Worst turnover: Washington’s second possession ended with a fumble by rookie running back Samaje Perine that was recovered by Seattle’s Nazair Jones at the Redskins’ 42-yard line. Perine’s second lost fumble of the season was the Redskins’ NFL-worst 10th, and while it didn’t immediately lead to Seattle points, it allowed punter Jon Ryan to pin Washington deep in its own territory following a three-and-0ut.

Worst safety: On the first play of the Redskins’ next drive, Seahawks linebacker Bobby Wagner came untouched around the left side of Washington’s inexperienced offensive line and sacked Cousins in the end zone for a safety.

Worst pass: Cousins and the Redskins caught another break when Sherman dropped a sure interception on the first play of the second quarter.

Worst injuries: For the second consecutive week, the Redskins took the field for their first possession with Morgan Moses as their only regular starter along the offensive line. Trent Williams, Spencer Long and Shawn Lauvao were all inactive, as expected, and while right guard Brandon Scherff dressed after missing last week’s game, Catalina started in his place.
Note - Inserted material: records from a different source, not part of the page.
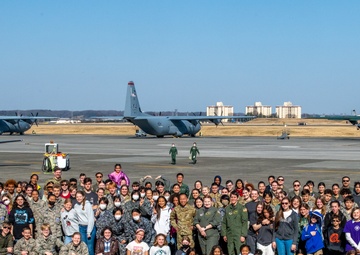 Female aviators honored during US, Japan ‘Fly Girls’ event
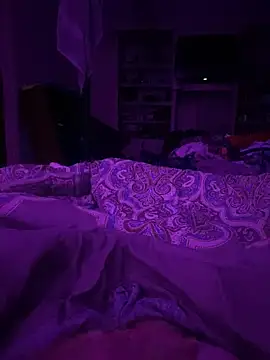 Snapshot of Themechanic420 chatting on December 9, 1:13 pm Themechanic420 online show from December 9, 1:13 pm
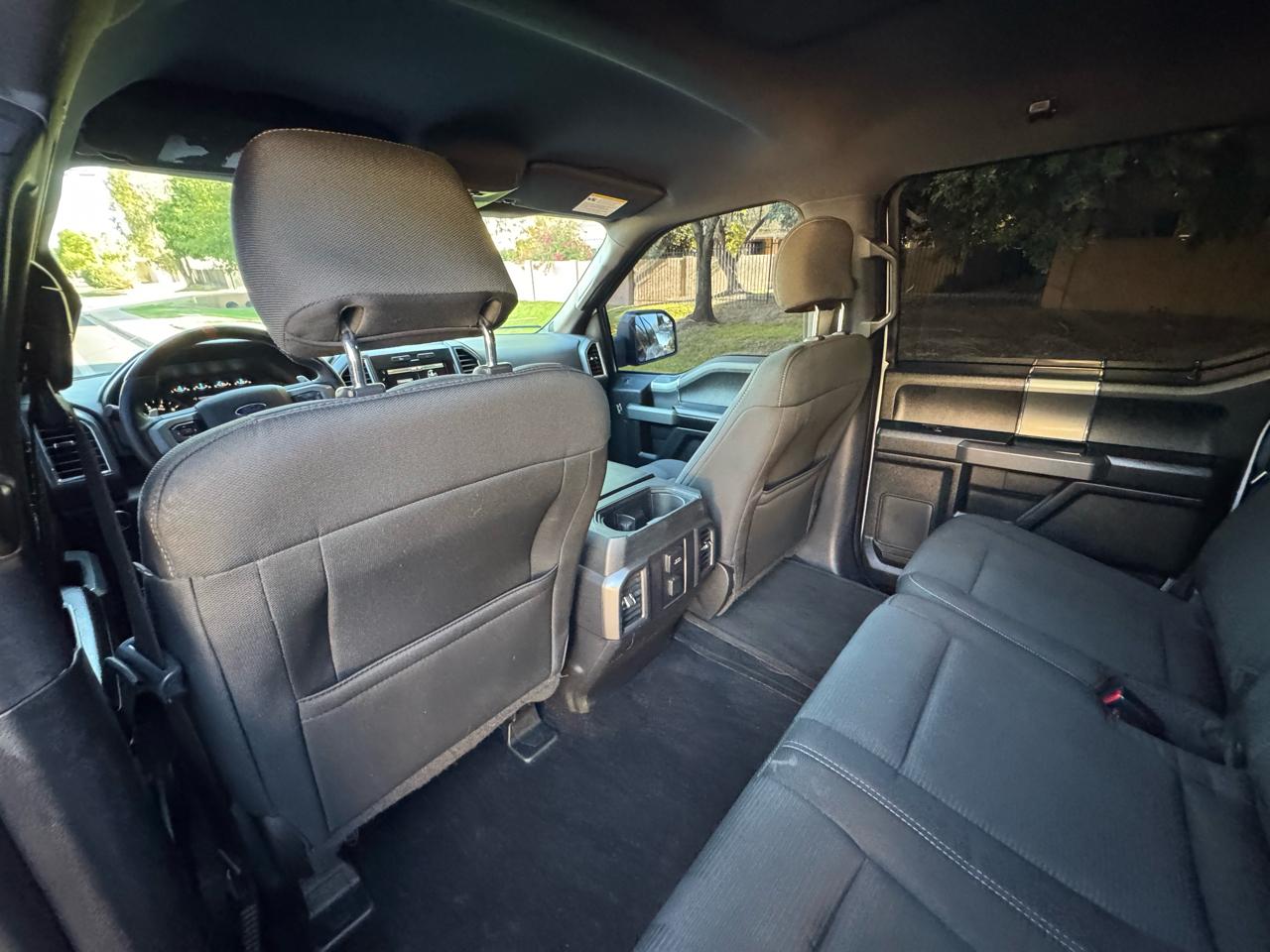 Ford F-150 2WD SuperCrew 145" XLT 2015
On the bright side, the Seahawks’ defense is only tied for 16th in sacks this season.

Worst offensive start: The Redskins moved the chains on their opening drive on wide receiver Quick’s second reception of the year, but Cousins overthrew Davis on third down one play after a pair of Seahawks defenders tipped and ultimately dropped what should’ve been an interception. Tress Way’s ensuing punt, which was partially blocked by Neiko Thorpe, ended Washington’s six-game streak of scoring on its opening drive. That was the Redskins’ longest such streak since the merger.

Best defensive start: Aided by a Seattle holding penalty that wiped out a nine-yard run by Wilson, the Redskins forced a punt on the Seahawks’ first possession. Washington hasn’t allowed points on its opponent’s opening drive since Week 1.

Worst decision: With Jamison Crowder inactive, the 33-year-old Hall, who was active for the first time this year, returned punts for the first time since December 2012. Despite hints from Gruden that Hall would err on the side of caution and signal for a fair catch if there was anyone in the vicinity, Hall fielded the first punt and took a huge shot from Thorpe.

Best halftime entertainment: Piglet races! Hogs 3.0?

Best road trip: Seattle has been a house of horrors for the Redskins in the postseason, but Washington has yet to lose to the Seahawks at the stadium currently known as CenturyLink Field during the regular season. Washington’s four wins at Seattle since the stadium opened in 2002 are as many as the Redskins have at any road venue except Philadelphia (7) and Dallas (5).